▶ [Instructions to follow] Your task is to copy exactly the lines from the line containing "mapa Myślibórz gmina" through the end of the listing below, with pictures left out.

▶ [The data]
* * *
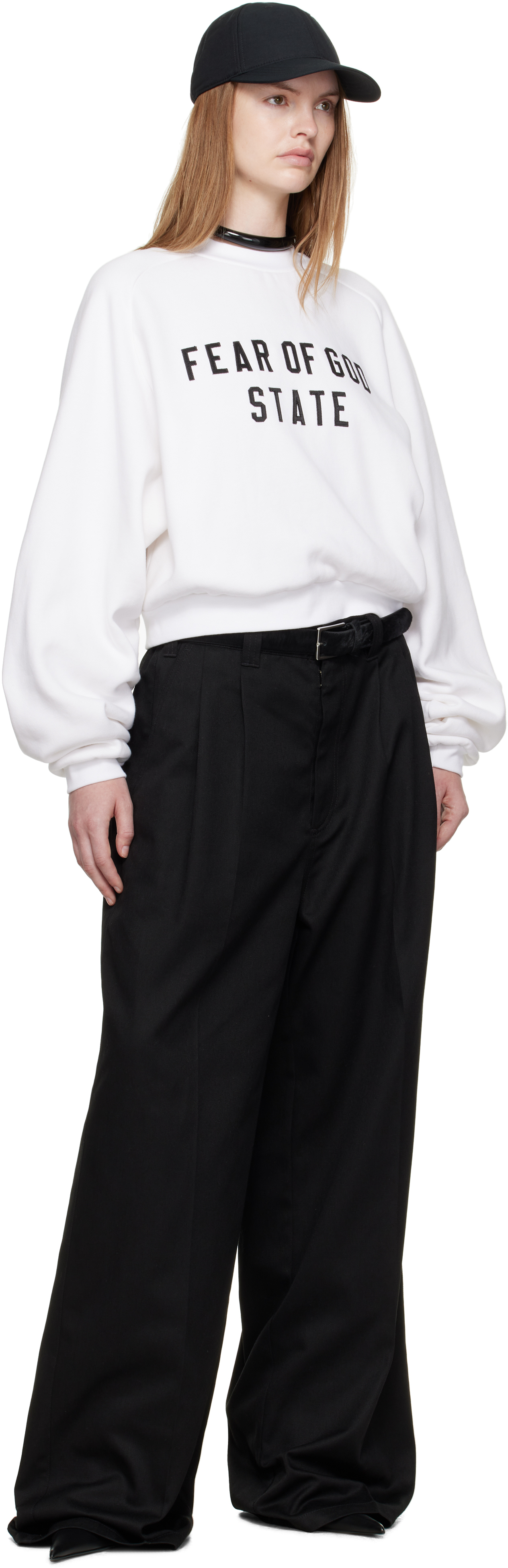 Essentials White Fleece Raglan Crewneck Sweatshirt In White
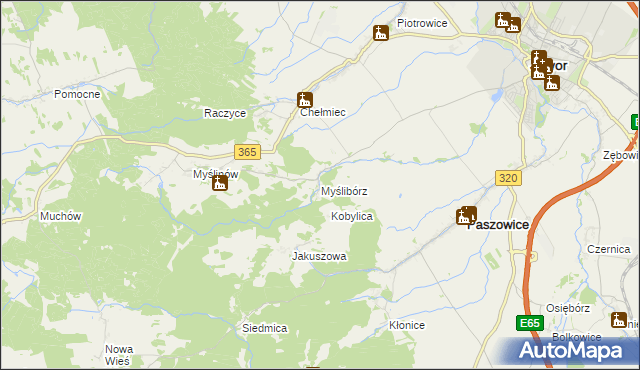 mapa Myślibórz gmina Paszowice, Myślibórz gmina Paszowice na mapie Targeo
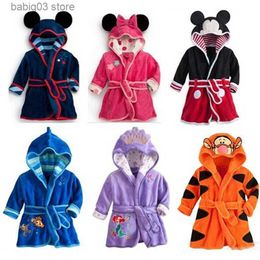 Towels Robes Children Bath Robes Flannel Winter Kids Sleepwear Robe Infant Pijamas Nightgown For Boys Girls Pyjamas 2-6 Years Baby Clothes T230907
* * *
▶ [Answer to the exercise]
 mapa Myślibórz gmina Paszowice, Myślibórz gmina Paszowice na mapie Targeo
 Towels Robes Children Bath Robes Flannel Winter Kids Sleepwear Robe Infant Pijamas Nightgown For Boys Girls Pyjamas 2-6 Years Baby Clothes T230907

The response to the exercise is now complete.